* Captioned web image data
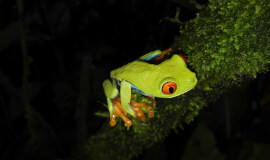 Night Hike at Natura Eco Park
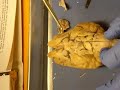 Professor Narrated: Cranial Nerves of Sheep\ Professor Narrated: Cranial Nerves of Sheep\
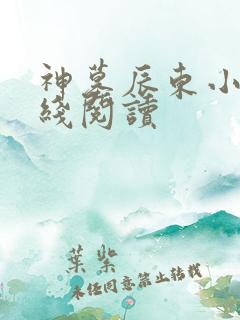 神墓辰东小说在线阅读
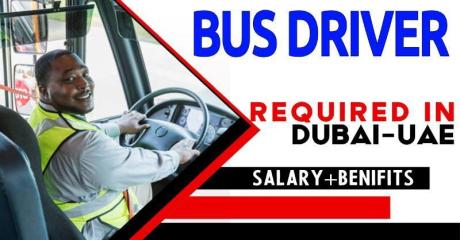 Bus Driver Required in Dubai -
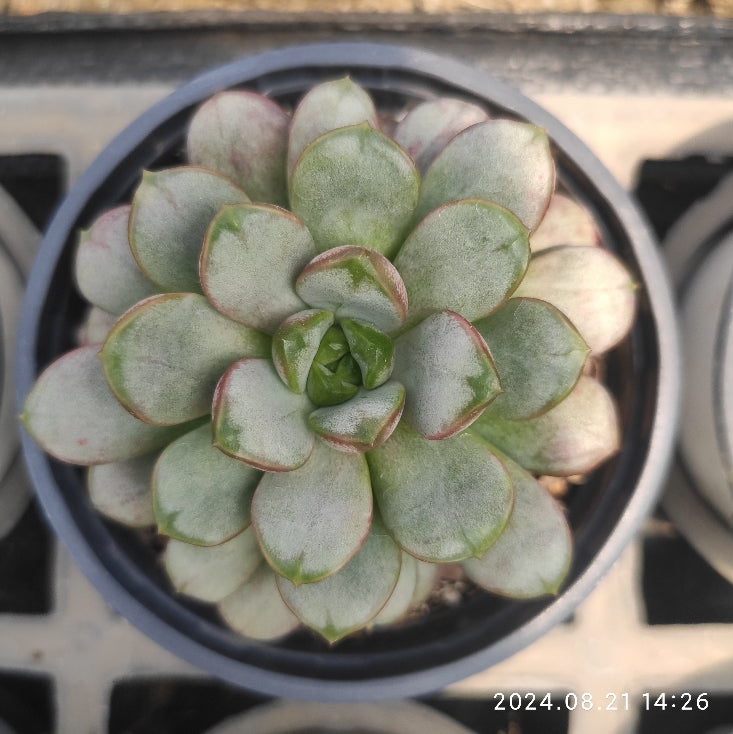 HWQ058 Echeveria Ametum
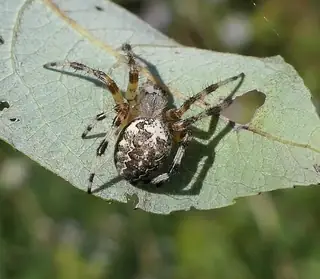 Marbled orbweaver (Araneus marmoreus), orange and yellow and white spider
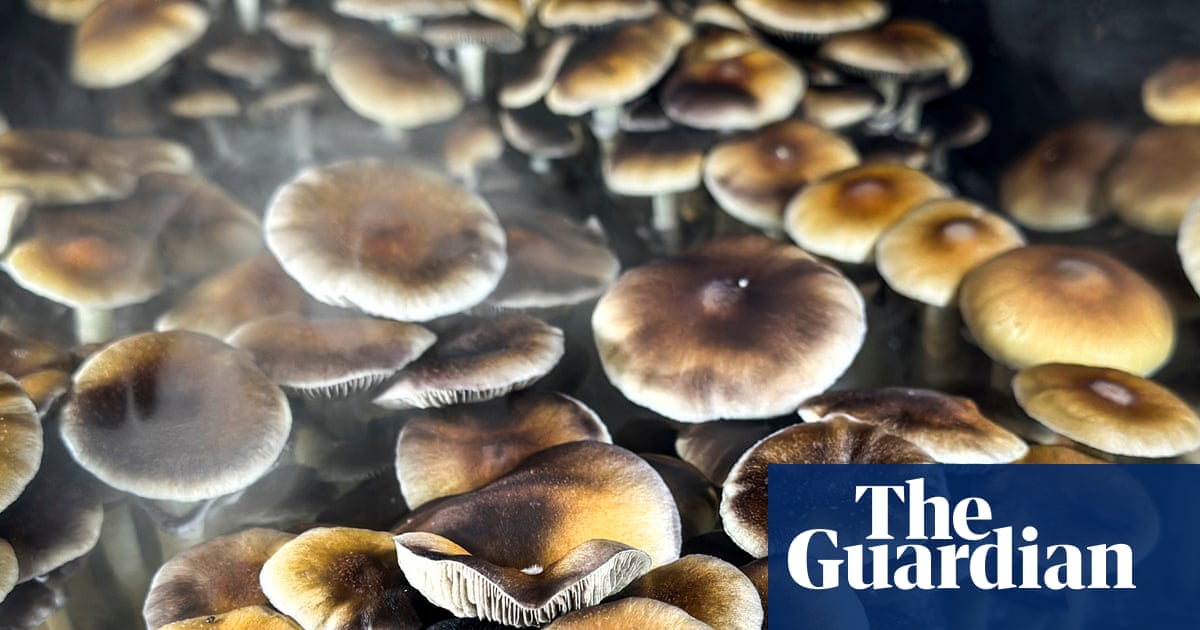 Conservateurs et Chrétiens : Les champions des drogues psychédéliques aux États-Unis !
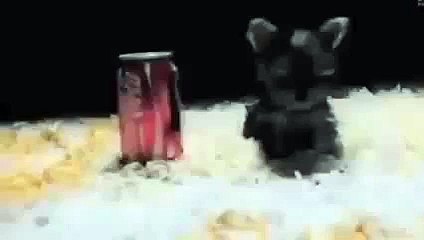 The smallest dogs in the world! Haha so cute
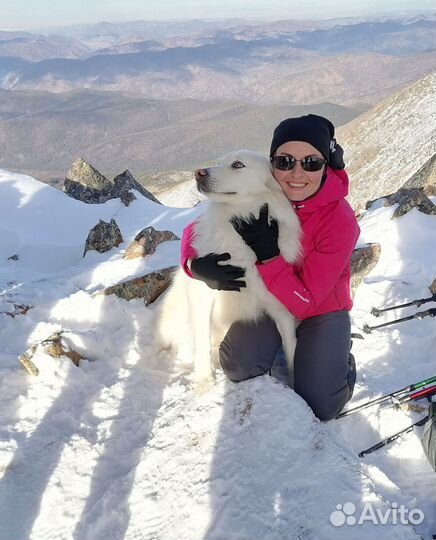 Зооняня у вас дома, передержка животных, выгул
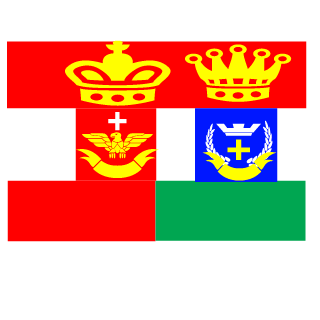 NaxetNexus's emblem
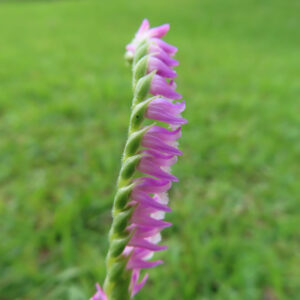 ネジバナの花穂を背景の緑とともに撮影した無料写真素材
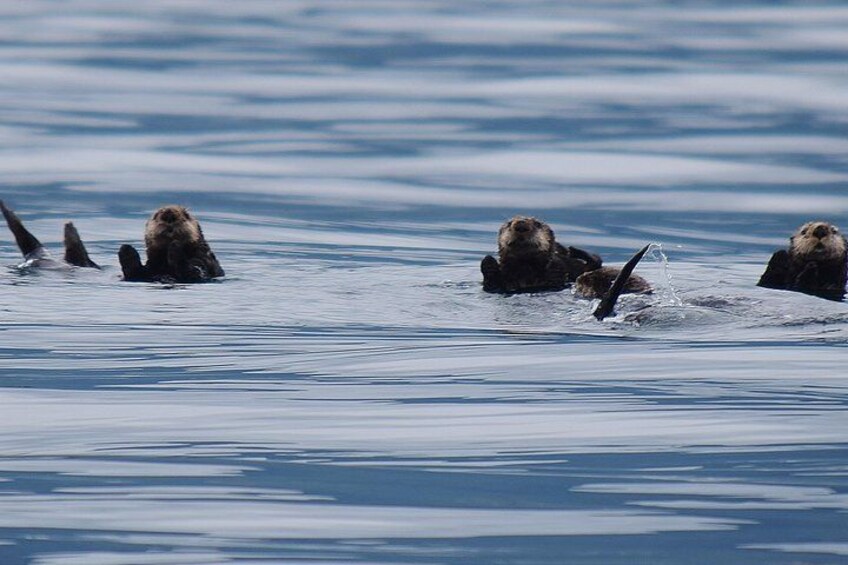 Sea Otters in Sitka Sound 4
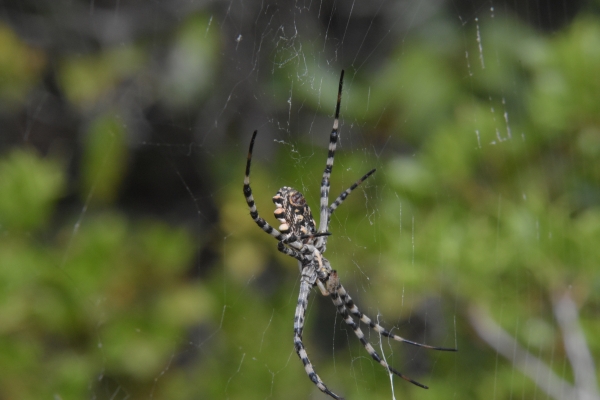 wie die Spinne im Netz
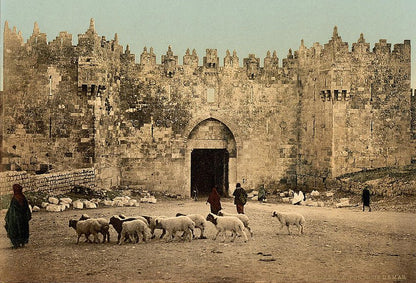 Jerusalem | Ground Stones Of Jerusalem, Armenian Quarter - Unique Wedding Ring - Minter and Richter Designs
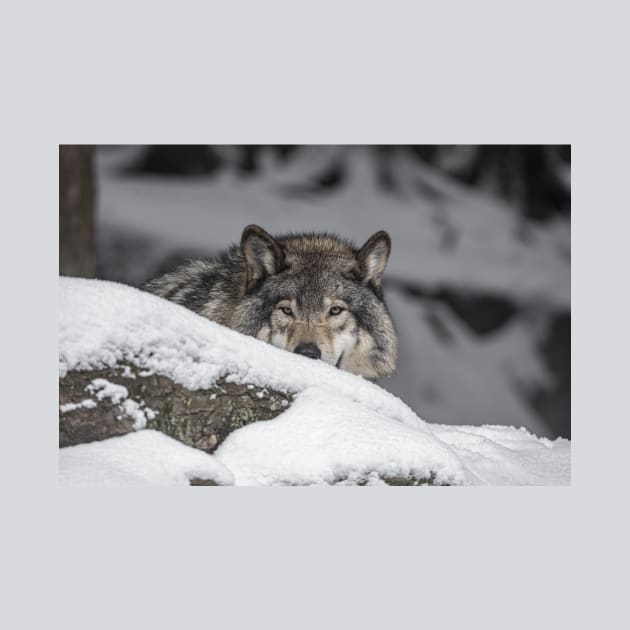 Eastern Gray Wolf by jaydee1400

* TASK DESCRIPTION
What you need to copy is the run of lines from the one holding "HWQ058 Echeveria Ametum" through the end of the data, exactly and only, both ends included, pictures omitted.

* WRITTEN ANSWER
 HWQ058 Echeveria Ametum
 Marbled orbweaver (Araneus marmoreus), orange and yellow and white spider
 Conservateurs et Chrétiens : Les champions des drogues psychédéliques aux États-Unis !
 The smallest dogs in the world! Haha so cute
 Зооняня у вас дома, передержка животных, выгул
 NaxetNexus's emblem
 ネジバナの花穂を背景の緑とともに撮影した無料写真素材
 Sea Otters in Sitka Sound 4
 wie die Spinne im Netz
 Jerusalem | Ground Stones Of Jerusalem, Armenian Quarter - Unique Wedding Ring - Minter and Richter Designs
 Eastern Gray Wolf by jaydee1400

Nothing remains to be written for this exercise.